HOW TO COMPLETE THIS TASK ▸ Would you write out each line of the material below exactly, skipping every picture?

DATA ▸
+===+
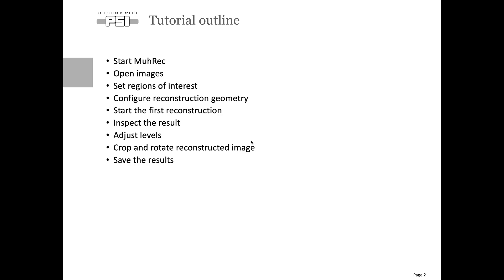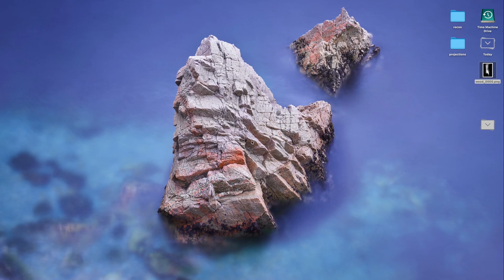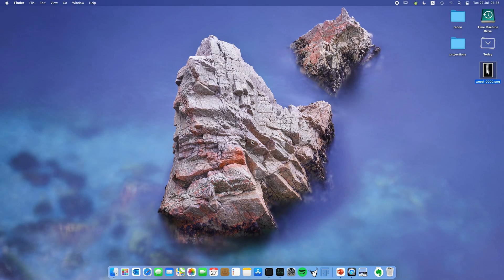Next is to select regions of interest followed by configuring the reconstruction geometry. After that we're ready to do our first reconstruction and inspect the results. There we may need to adjust some levels, also cropping and rotation could be relevant. Finally I'm going to show you how to save the results. With that we can start now.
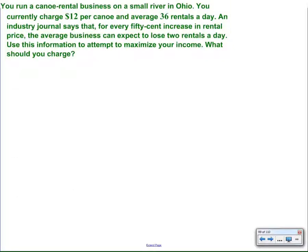Today, we're going to be talking about the canoe rental business. There are a lot of tie-ins to problems we saw, like the hockey stadium problem and the bird watching problem.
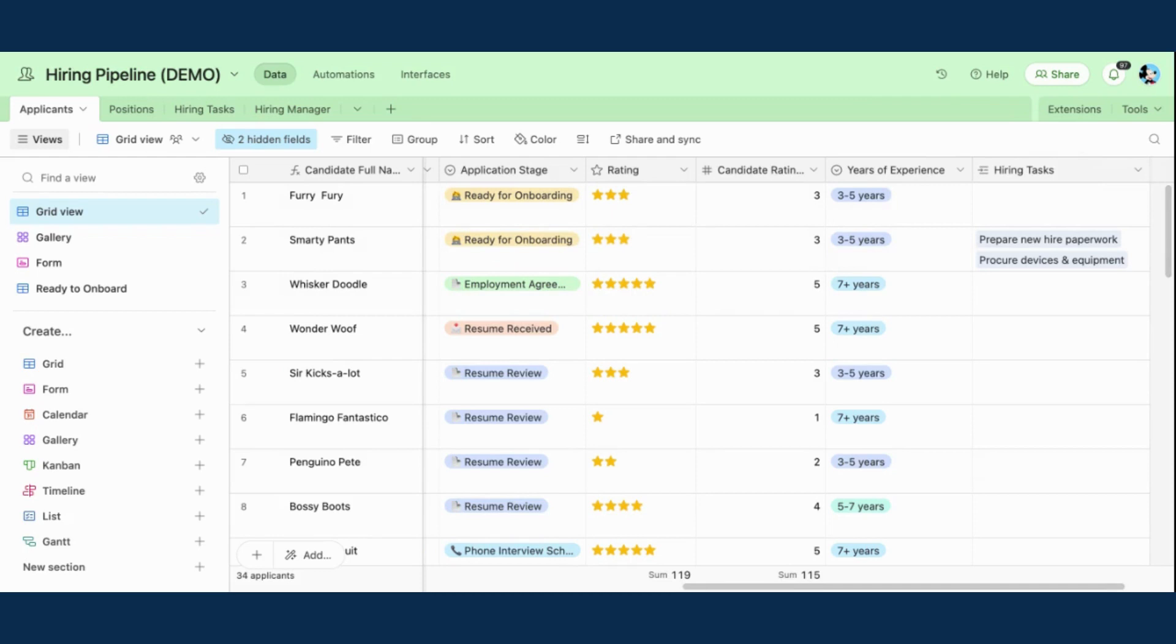So that is just one example, a great example of how you can be using record templates in your Airtable usage.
+===+
PROBLEM SOLUTION ▸
Next is to select regions of interest followed by configuring the reconstruction geometry. After that we're ready to do our first reconstruction and inspect the results. There we may need to adjust some levels, also cropping and rotation could be relevant. Finally I'm going to show you how to save the results. With that we can start now.
Today, we're going to be talking about the canoe rental business. There are a lot of tie-ins to problems we saw, like the hockey stadium problem and the bird watching problem.
So that is just one example, a great example of how you can be using record templates in your Airtable usage.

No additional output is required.